• **Your objective**
Write the data out again exactly, with every picture removed.

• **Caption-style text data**
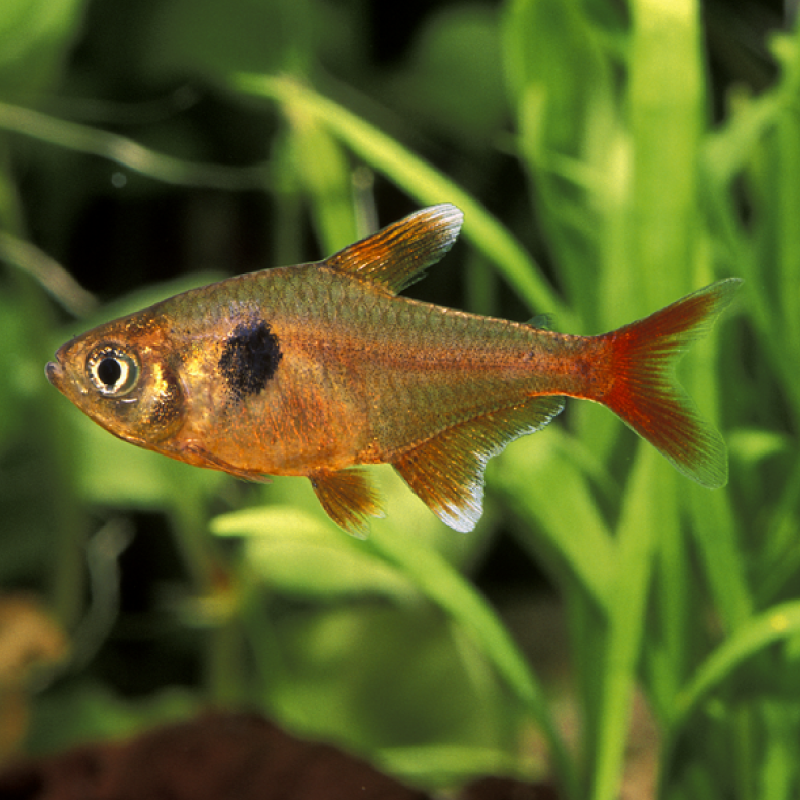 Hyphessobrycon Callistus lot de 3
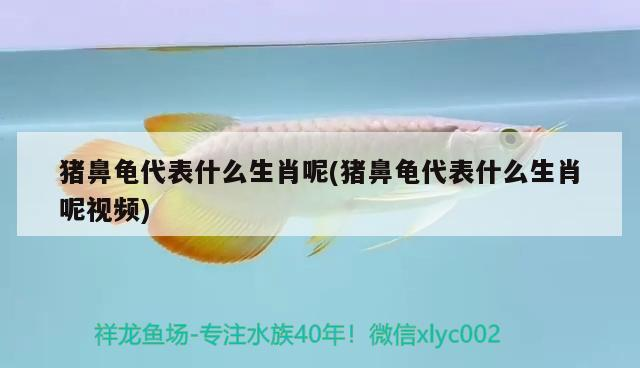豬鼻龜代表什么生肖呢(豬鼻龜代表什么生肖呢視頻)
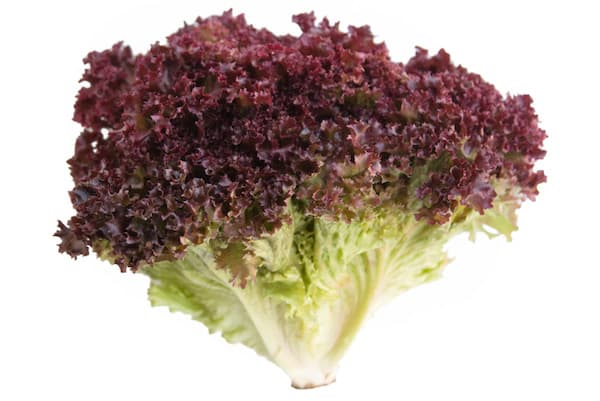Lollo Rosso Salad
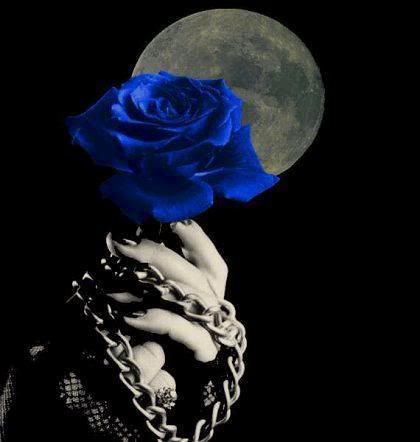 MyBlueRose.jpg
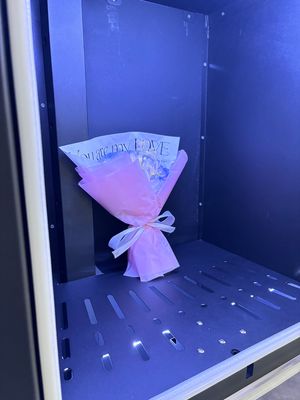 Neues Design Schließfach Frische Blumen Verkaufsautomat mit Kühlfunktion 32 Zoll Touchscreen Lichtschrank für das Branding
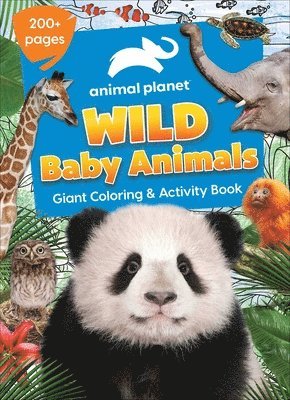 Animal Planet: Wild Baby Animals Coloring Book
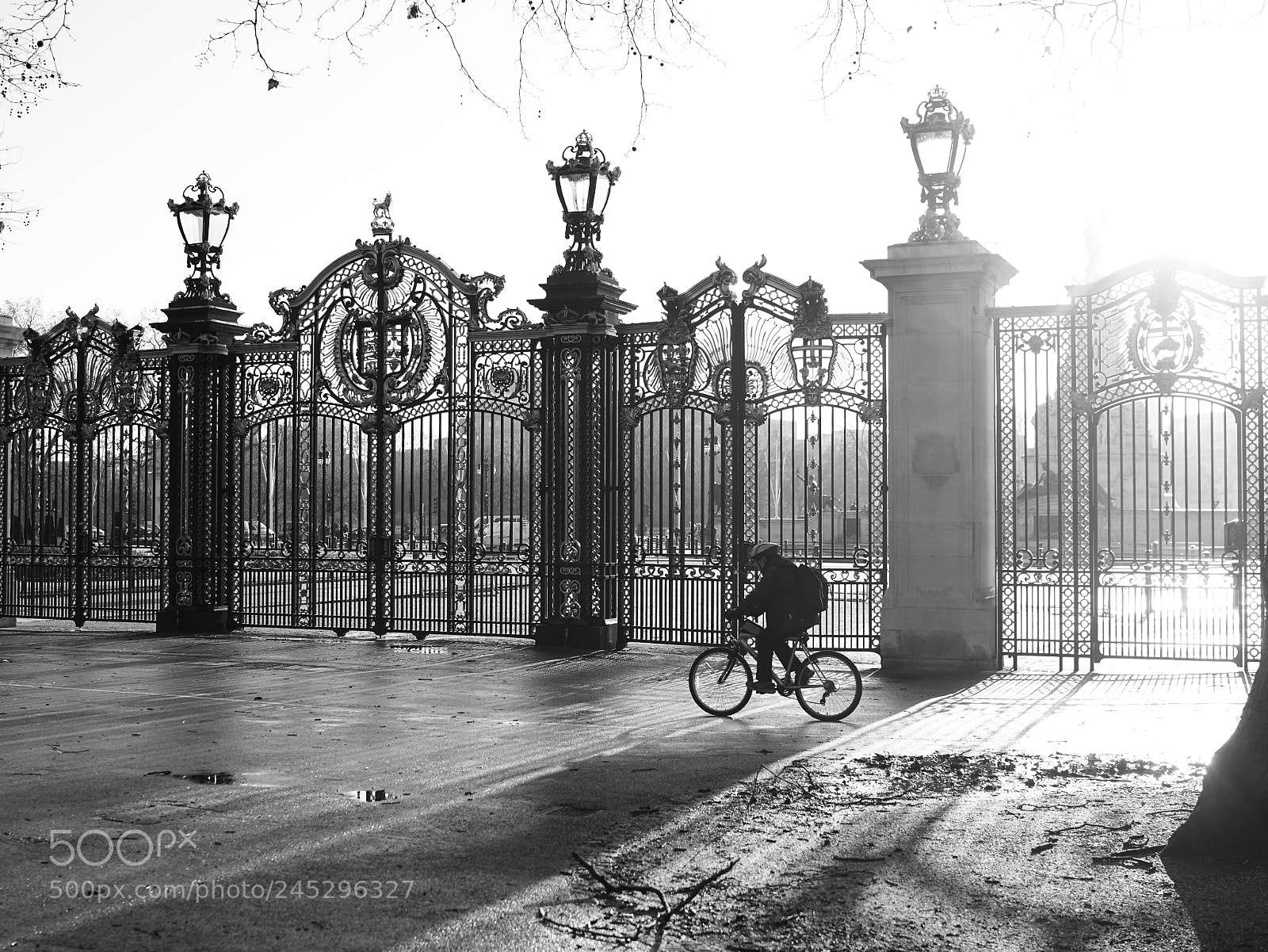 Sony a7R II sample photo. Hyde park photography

• **Answer**
 Hyphessobrycon Callistus lot de 3
豬鼻龜代表什么生肖呢(豬鼻龜代表什么生肖呢視頻)
Lollo Rosso Salad
 MyBlueRose.jpg
 Neues Design Schließfach Frische Blumen Verkaufsautomat mit Kühlfunktion 32 Zoll Touchscreen Lichtschrank für das Branding
 Animal Planet: Wild Baby Animals Coloring Book
 Sony a7R II sample photo. Hyde park photography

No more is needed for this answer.